### Task to carry out
Excluding pictures, transcribe precisely the lines from the one containing "Apple Watch Series" to the final line of the listing below, inclusive, and nothing more.

### Stored data
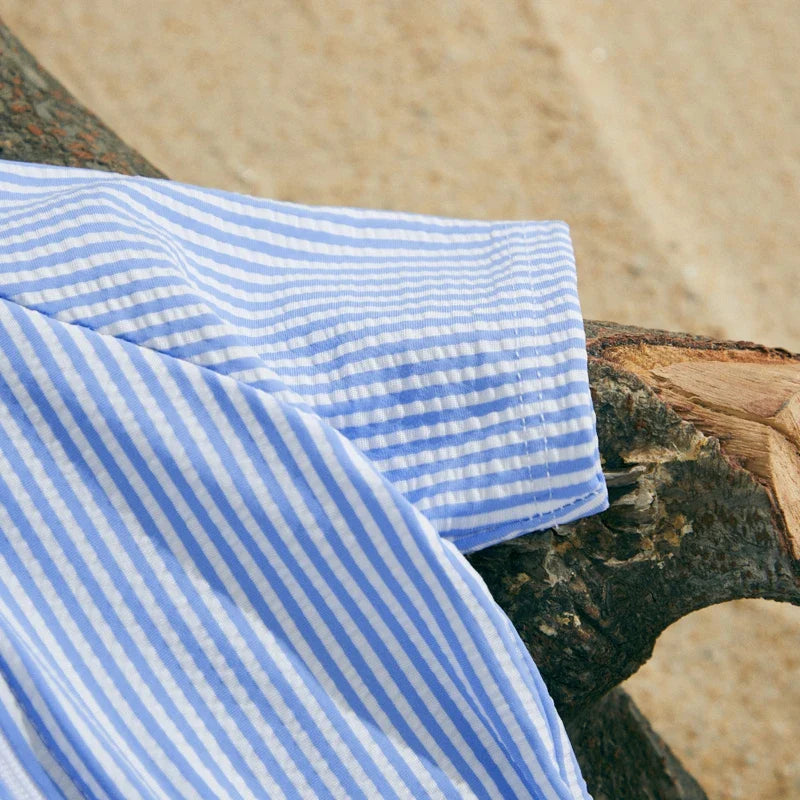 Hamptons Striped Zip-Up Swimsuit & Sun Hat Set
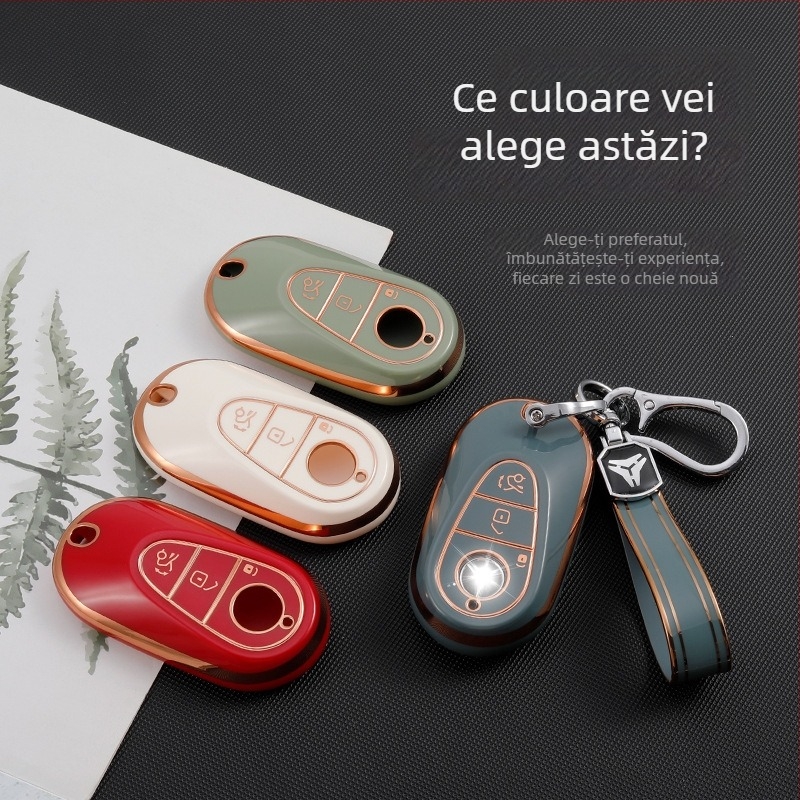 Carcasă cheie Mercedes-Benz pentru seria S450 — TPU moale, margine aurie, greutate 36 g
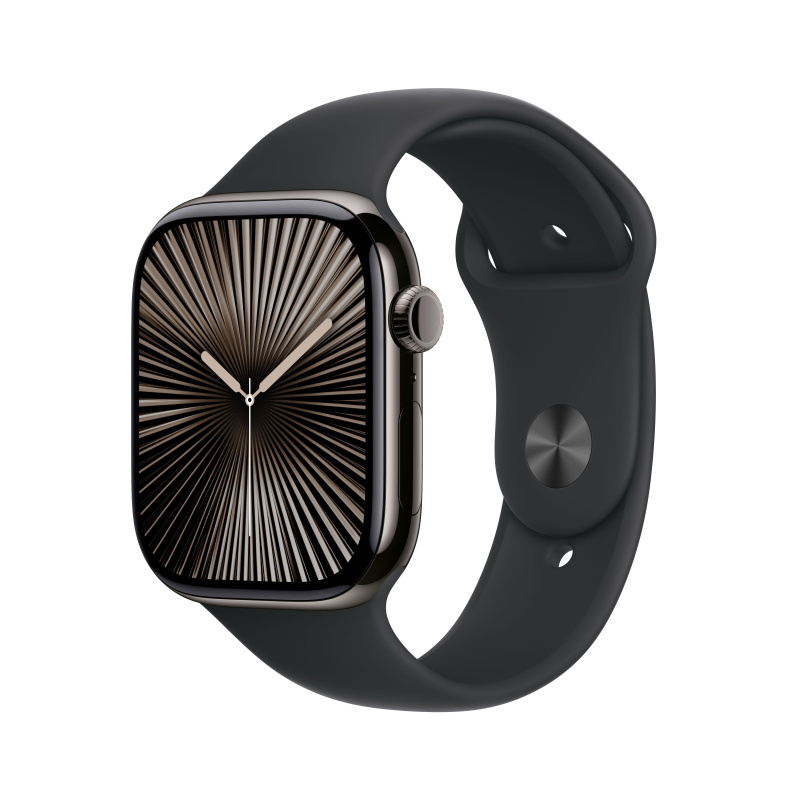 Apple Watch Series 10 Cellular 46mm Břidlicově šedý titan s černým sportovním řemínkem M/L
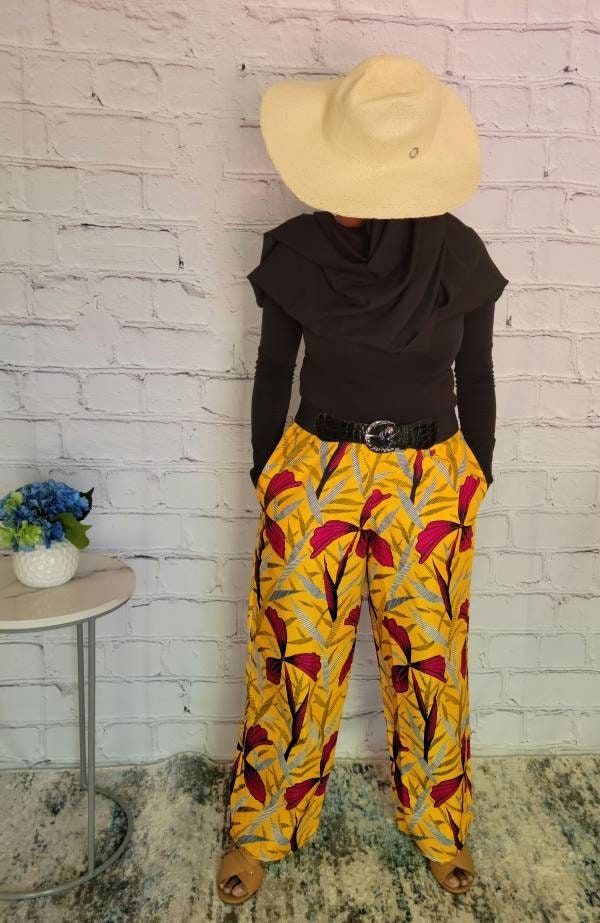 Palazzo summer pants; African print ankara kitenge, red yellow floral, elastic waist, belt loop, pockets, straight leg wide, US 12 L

### Solution
 Apple Watch Series 10 Cellular 46mm Břidlicově šedý titan s černým sportovním řemínkem M/L
 Palazzo summer pants; African print ankara kitenge, red yellow floral, elastic waist, belt loop, pockets, straight leg wide, US 12 L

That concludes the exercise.